25 Issues in 30 Days at Mindee
When I started at Mindee, there was a backlog of documentation issues on GitHub that had been accumulating for months. The docs site had structural problems, SDK documentation was scattered across private repos, and there was no consistent format for release notes.
I resolved 25+ documentation issues in my first 30 days.
Clearing the Backlog
The backlog wasn’t just typos and broken links. It was structural issues: pages in the wrong sections, missing content for shipped features, SDK documentation that users couldn’t find because it lived in private GitHub repos. Each issue I resolved reorganised structure and improved usability across the platform.
Clearing the backlog quickly wasn’t about showing off. It was about building trust with the engineering team. When developers see that you understand the product well enough to fix 25 issues in a month, they start trusting you with the bigger architectural decisions.
Migrating SDK Documentation
Mindee had Python, Node.js, and other client libraries documented in separate private repos that most users couldn’t even find. I migrated all SDK documentation into the main documentation site on ReadMe, creating a unified developer reference.
One place to find everything. That’s what developers expect, and that’s what they got.
Validating the API Reference
For the API reference, I tested endpoints against the live ReadMe interface to validate parameter and schema information before publishing. This caught discrepancies between the spec and actual API behaviour that would have confused developers.
Documentation that doesn’t match the API is worse than no documentation. At least missing docs are honestly missing.

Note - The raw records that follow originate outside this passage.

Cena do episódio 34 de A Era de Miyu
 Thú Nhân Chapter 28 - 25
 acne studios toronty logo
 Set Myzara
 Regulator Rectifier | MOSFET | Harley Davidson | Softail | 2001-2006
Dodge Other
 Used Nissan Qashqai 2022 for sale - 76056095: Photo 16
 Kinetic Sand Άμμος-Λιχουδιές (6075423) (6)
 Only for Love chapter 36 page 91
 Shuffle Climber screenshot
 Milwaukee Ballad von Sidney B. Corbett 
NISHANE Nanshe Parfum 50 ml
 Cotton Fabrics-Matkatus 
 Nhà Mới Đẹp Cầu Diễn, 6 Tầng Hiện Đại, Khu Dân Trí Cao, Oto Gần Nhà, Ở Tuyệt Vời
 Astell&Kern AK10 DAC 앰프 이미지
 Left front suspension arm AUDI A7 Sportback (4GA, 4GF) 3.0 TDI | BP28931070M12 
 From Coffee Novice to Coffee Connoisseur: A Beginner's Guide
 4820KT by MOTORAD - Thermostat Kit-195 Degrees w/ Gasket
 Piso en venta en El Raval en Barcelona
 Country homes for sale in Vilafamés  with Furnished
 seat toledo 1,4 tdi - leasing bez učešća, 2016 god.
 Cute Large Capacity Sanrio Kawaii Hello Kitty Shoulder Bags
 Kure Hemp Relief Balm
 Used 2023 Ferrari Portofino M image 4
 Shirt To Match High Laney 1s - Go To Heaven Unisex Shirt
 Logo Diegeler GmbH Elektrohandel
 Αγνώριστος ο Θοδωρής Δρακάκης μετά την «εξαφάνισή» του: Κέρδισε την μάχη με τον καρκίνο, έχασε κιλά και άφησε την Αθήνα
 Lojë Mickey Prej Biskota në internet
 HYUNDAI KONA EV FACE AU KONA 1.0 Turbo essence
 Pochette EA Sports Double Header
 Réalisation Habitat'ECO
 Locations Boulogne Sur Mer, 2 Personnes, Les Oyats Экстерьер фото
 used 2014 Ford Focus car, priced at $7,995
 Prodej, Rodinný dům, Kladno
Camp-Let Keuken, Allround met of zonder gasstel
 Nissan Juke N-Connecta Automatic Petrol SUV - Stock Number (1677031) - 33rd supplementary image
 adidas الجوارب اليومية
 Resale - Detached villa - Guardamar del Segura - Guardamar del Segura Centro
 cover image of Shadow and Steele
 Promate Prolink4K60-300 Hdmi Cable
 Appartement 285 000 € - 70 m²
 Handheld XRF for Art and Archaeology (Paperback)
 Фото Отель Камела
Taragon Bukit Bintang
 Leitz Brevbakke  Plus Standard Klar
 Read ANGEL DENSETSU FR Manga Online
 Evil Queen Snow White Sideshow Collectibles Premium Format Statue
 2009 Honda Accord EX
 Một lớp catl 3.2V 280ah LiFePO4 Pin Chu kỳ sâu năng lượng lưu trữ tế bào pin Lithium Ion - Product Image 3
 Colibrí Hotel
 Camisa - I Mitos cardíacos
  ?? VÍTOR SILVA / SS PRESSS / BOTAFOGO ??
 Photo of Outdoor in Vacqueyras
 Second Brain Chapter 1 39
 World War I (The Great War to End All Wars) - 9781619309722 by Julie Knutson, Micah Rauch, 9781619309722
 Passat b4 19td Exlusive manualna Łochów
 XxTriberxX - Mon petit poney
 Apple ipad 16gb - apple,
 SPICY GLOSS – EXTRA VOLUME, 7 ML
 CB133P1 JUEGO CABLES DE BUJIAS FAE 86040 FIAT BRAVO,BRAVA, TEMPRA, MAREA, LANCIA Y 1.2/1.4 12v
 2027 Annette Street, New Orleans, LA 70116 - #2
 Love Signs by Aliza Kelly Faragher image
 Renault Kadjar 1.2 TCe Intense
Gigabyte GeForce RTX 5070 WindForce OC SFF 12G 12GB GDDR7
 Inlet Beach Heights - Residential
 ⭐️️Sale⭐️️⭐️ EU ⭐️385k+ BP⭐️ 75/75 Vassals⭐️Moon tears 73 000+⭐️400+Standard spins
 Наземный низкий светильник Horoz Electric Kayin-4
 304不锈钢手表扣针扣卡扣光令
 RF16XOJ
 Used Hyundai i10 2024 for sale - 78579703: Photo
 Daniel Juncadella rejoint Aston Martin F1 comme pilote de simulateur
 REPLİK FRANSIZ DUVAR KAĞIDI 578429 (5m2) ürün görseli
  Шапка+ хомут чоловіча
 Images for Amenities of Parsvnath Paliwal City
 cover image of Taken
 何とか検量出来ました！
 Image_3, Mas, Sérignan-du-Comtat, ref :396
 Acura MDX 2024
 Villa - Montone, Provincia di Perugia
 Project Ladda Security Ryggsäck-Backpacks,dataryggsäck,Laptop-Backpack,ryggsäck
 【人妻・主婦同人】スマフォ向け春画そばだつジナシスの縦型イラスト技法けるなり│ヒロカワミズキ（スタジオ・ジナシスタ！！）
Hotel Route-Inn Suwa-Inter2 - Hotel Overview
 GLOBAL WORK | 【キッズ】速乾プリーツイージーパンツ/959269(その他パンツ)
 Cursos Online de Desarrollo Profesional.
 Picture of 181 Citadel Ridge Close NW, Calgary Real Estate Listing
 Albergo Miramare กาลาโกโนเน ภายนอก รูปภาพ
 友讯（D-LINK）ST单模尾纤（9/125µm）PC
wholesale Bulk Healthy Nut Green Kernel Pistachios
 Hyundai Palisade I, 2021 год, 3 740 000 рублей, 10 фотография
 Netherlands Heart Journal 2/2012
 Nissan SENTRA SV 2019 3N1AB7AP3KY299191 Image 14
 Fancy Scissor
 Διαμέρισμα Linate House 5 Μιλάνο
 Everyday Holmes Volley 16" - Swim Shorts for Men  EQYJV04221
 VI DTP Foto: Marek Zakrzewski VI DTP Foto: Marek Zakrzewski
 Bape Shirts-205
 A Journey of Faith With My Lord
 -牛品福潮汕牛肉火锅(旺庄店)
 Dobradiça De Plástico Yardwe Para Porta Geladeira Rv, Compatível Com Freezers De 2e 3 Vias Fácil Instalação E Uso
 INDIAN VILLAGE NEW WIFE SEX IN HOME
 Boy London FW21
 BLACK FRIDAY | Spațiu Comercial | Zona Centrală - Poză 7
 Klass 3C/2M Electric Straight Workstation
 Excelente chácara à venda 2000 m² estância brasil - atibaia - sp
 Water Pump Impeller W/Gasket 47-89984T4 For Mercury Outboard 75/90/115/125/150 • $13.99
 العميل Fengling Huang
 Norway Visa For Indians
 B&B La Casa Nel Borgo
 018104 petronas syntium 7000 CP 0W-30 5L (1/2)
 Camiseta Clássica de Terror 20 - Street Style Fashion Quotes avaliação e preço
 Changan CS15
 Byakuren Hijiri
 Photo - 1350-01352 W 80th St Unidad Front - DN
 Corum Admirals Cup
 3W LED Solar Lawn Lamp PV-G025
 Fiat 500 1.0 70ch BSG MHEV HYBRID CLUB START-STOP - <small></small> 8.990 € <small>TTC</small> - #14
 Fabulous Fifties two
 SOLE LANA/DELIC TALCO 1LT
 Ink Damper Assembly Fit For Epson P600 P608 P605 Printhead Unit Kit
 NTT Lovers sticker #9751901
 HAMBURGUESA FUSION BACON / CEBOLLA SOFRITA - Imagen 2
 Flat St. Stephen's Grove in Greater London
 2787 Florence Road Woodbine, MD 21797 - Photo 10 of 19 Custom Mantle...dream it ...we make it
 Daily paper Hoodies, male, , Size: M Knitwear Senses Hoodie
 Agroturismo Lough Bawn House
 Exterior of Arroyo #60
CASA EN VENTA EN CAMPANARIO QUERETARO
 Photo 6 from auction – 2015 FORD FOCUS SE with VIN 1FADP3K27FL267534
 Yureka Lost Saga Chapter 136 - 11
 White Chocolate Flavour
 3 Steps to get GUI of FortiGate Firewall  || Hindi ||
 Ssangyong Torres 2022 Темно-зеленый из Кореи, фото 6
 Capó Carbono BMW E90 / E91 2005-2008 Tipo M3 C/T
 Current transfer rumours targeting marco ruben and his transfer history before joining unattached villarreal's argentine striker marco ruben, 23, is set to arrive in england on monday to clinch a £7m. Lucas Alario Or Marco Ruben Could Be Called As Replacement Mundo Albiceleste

Creating a Release Notes Format
There was no consistent format for release notes. Release information was communicated informally or buried in changelogs. I created a standardised format that gave users a reliable way to track what changed across versions.
Monitoring Performance
Beyond writing, I monitored documentation performance using Google Analytics, ReadMe analytics, and Hotjar. The Hotjar recordings were particularly useful: you could watch real users navigating the docs and see exactly where they got confused, went in circles, or gave up.
Content Beyond Docs
I also authored product blogs, ran the company newsletter, and contributed to the overall content strategy. The work at Mindee was about establishing systems where there were none: formats, structures, workflows. And doing it quickly enough to keep pace with an active product team.